Print the lines below word for word, beginning with the first and ending with the line that holds "工业互联网综合报告:打造精准数据体系,赋能中国制造", and skip every picture.

[Opening Records supplied section]

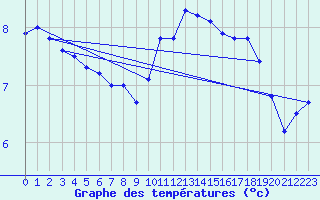 Courbe de tempratures pour Liscombe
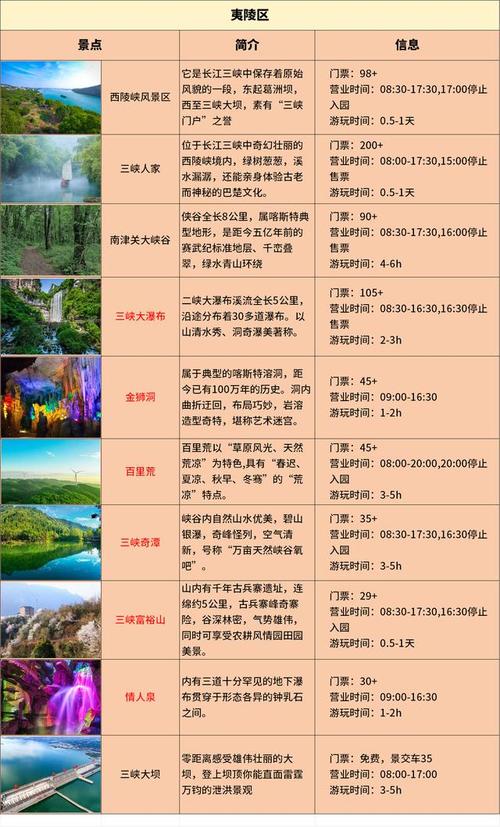三日游旅游景点推荐理由怎么写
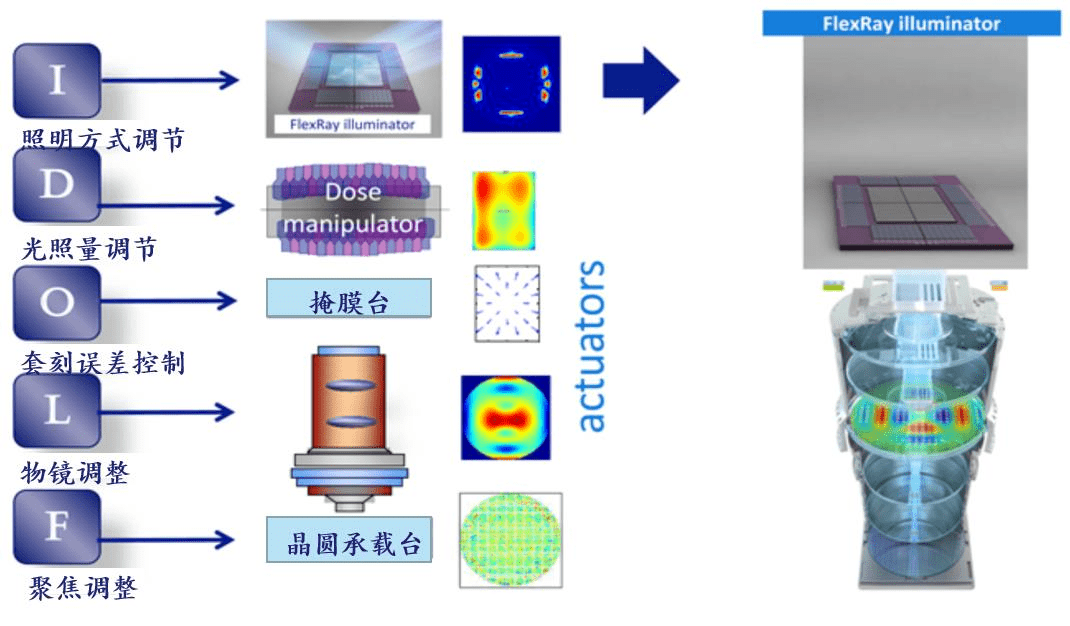 万字长文,说透光刻机_制造_技术难度_的设备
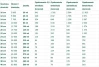 Felti 5mln/ Entonem/ Steinernema feltiae - Pożyteczne Nicienie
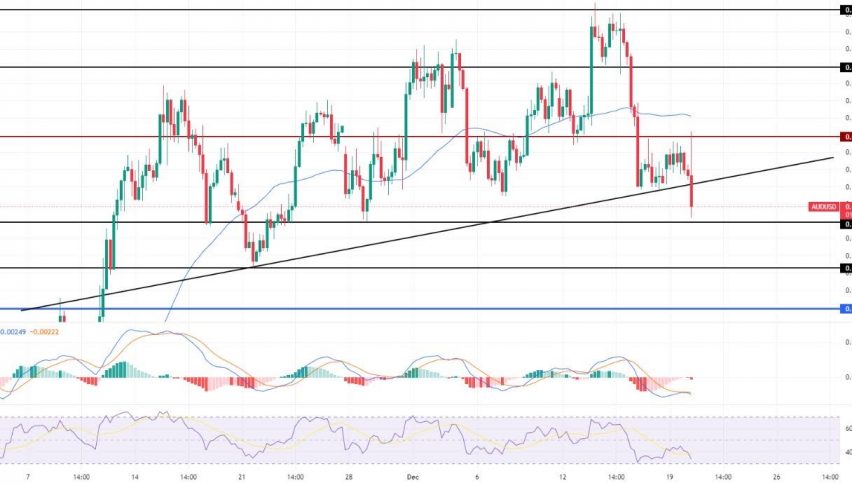 AUD/USD to Break Below 0.6690 Support - Brace for a Sell Trade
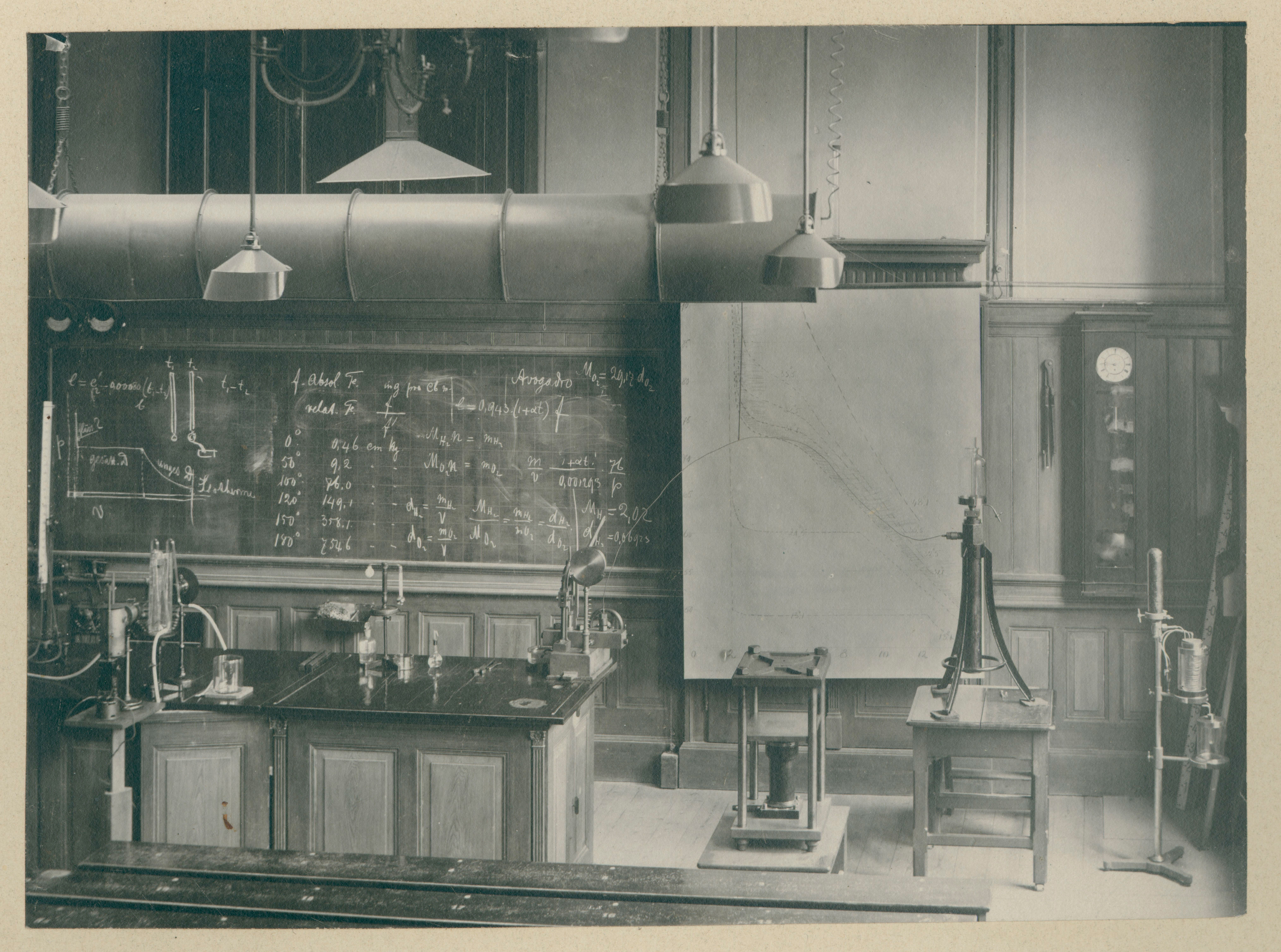 Hörsaal im Physikalischen Institut (vor März 1900), 89643 p (DRM CC BY-NC-SA)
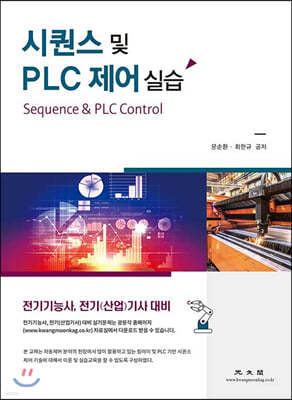   PLC  ǽ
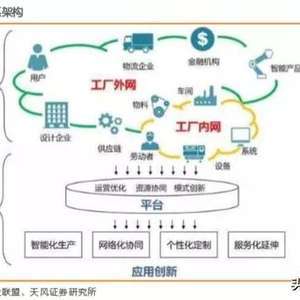 工业互联网综合报告:打造精准数据体系,赋能中国制造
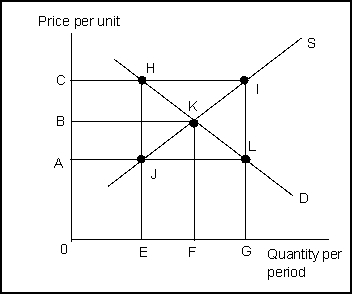 -(Exhibit: Market Failure 1)A competitive market, free of market failures, will achieve an equilibrium price _______ and an equilibrium quantity _______ .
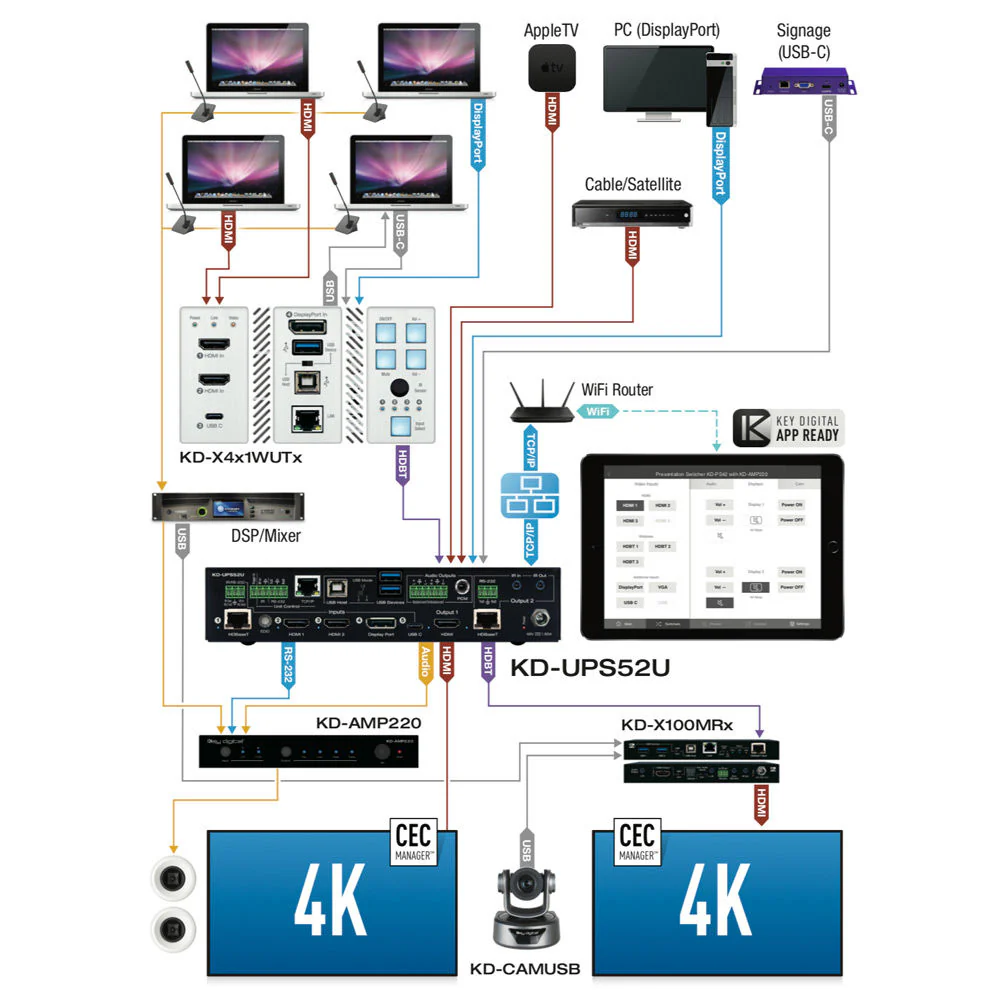 Key Digital 4K USB/Universal Presentation Switcher (1 RU) - Image 3
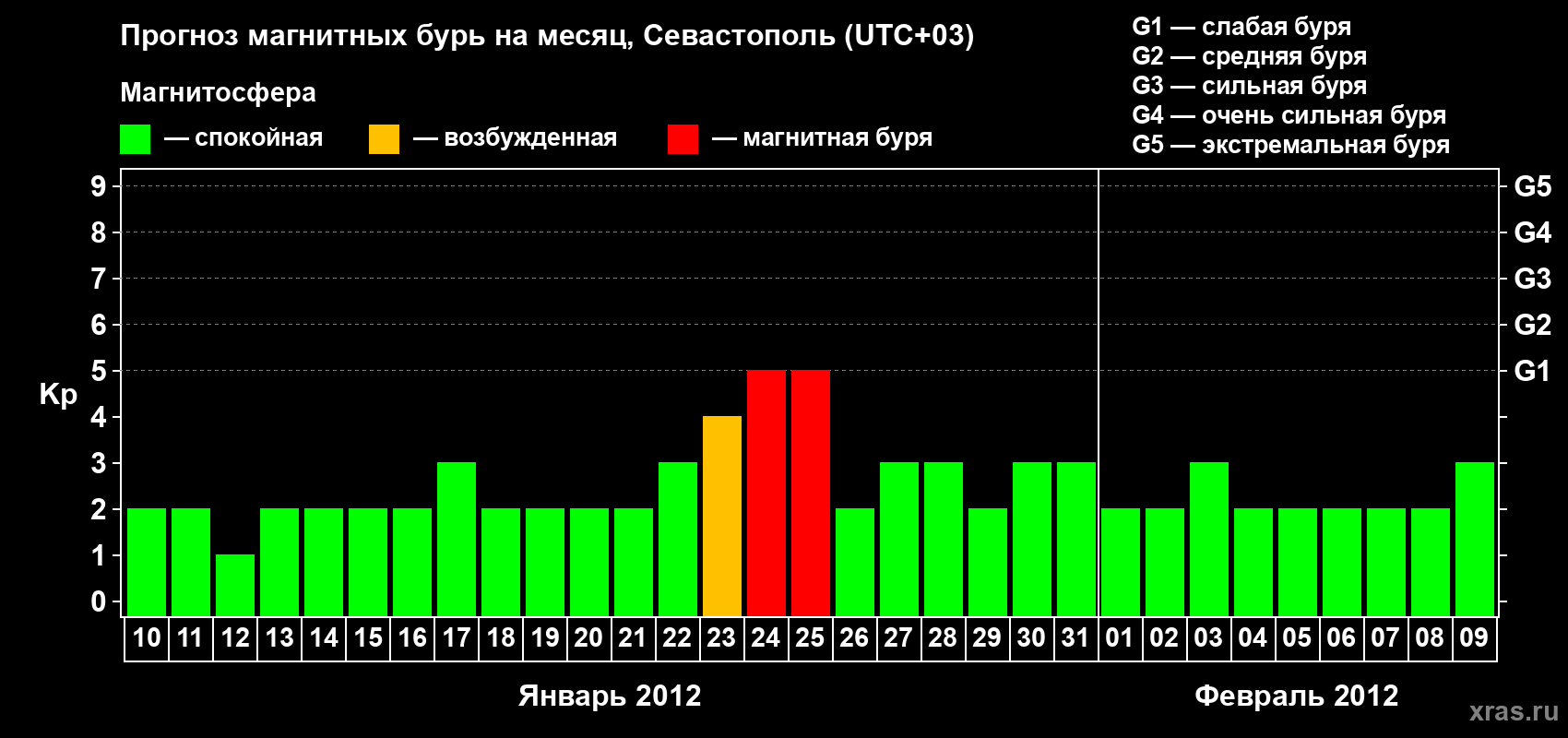 Прогноз максимального суточного геомагнитного индекса Kp на <b>1 месяц</b> (31 день) <b>с 10 января по 09 февраля 2012 г</b>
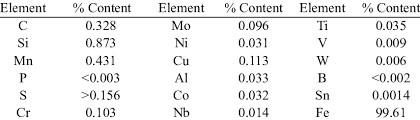 chemical composition of the mild steel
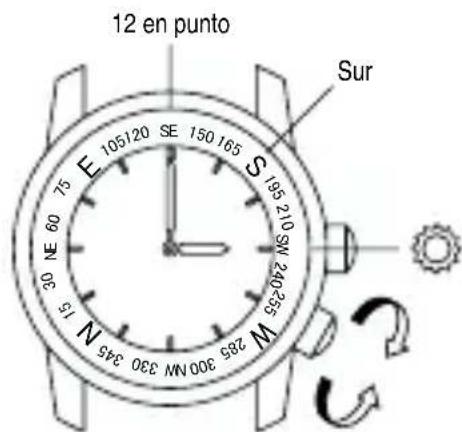 ORIENT Sports EU07005B - USO DEL ANILLO GIRATORIO DE ORIENTACION [FE (46P)] - 2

[Closing Records supplied section]

Exercise response:
 Courbe de tempratures pour Liscombe
三日游旅游景点推荐理由怎么写
 万字长文,说透光刻机_制造_技术难度_的设备
 Felti 5mln/ Entonem/ Steinernema feltiae - Pożyteczne Nicienie
 AUD/USD to Break Below 0.6690 Support - Brace for a Sell Trade
 Hörsaal im Physikalischen Institut (vor März 1900), 89643 p (DRM CC BY-NC-SA)
   PLC  ǽ
 工业互联网综合报告:打造精准数据体系,赋能中国制造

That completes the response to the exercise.